* **What to work on**: Retyping all the entries exactly is the whole task.

* **Data records**:
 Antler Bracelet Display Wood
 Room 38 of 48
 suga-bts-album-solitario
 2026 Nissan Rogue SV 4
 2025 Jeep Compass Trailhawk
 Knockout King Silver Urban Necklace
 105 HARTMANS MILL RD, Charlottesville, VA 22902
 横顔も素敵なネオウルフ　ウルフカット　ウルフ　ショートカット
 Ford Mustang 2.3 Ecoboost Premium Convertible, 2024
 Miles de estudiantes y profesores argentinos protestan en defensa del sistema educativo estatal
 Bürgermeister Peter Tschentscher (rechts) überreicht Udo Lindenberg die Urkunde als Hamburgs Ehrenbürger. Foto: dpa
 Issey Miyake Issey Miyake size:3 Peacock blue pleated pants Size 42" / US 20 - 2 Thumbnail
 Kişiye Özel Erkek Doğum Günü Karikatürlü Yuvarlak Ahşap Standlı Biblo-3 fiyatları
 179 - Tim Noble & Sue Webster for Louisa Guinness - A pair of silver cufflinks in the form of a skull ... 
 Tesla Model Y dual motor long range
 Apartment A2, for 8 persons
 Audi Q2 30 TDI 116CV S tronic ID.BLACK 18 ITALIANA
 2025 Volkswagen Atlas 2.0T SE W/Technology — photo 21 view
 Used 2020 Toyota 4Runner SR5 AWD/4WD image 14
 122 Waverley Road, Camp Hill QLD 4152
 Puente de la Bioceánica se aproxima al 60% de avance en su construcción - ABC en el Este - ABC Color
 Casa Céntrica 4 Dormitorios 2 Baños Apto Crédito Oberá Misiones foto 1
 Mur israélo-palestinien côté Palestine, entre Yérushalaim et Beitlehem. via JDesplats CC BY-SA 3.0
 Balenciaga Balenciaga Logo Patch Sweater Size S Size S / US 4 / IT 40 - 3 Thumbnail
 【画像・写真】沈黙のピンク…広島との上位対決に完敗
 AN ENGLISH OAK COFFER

* **Exercise response**:
 Antler Bracelet Display Wood
 Room 38 of 48
 suga-bts-album-solitario
 2026 Nissan Rogue SV 4
 2025 Jeep Compass Trailhawk
 Knockout King Silver Urban Necklace
 105 HARTMANS MILL RD, Charlottesville, VA 22902
 横顔も素敵なネオウルフ　ウルフカット　ウルフ　ショートカット
 Ford Mustang 2.3 Ecoboost Premium Convertible, 2024
 Miles de estudiantes y profesores argentinos protestan en defensa del sistema educativo estatal
 Bürgermeister Peter Tschentscher (rechts) überreicht Udo Lindenberg die Urkunde als Hamburgs Ehrenbürger. Foto: dpa
 Issey Miyake Issey Miyake size:3 Peacock blue pleated pants Size 42" / US 20 - 2 Thumbnail
 Kişiye Özel Erkek Doğum Günü Karikatürlü Yuvarlak Ahşap Standlı Biblo-3 fiyatları
 179 - Tim Noble & Sue Webster for Louisa Guinness - A pair of silver cufflinks in the form of a skull ... 
 Tesla Model Y dual motor long range
 Apartment A2, for 8 persons
 Audi Q2 30 TDI 116CV S tronic ID.BLACK 18 ITALIANA
 2025 Volkswagen Atlas 2.0T SE W/Technology — photo 21 view
 Used 2020 Toyota 4Runner SR5 AWD/4WD image 14
 122 Waverley Road, Camp Hill QLD 4152
 Puente de la Bioceánica se aproxima al 60% de avance en su construcción - ABC en el Este - ABC Color
 Casa Céntrica 4 Dormitorios 2 Baños Apto Crédito Oberá Misiones foto 1
 Mur israélo-palestinien côté Palestine, entre Yérushalaim et Beitlehem. via JDesplats CC BY-SA 3.0
 Balenciaga Balenciaga Logo Patch Sweater Size S Size S / US 4 / IT 40 - 3 Thumbnail
 【画像・写真】沈黙のピンク…広島との上位対決に完敗
 AN ENGLISH OAK COFFER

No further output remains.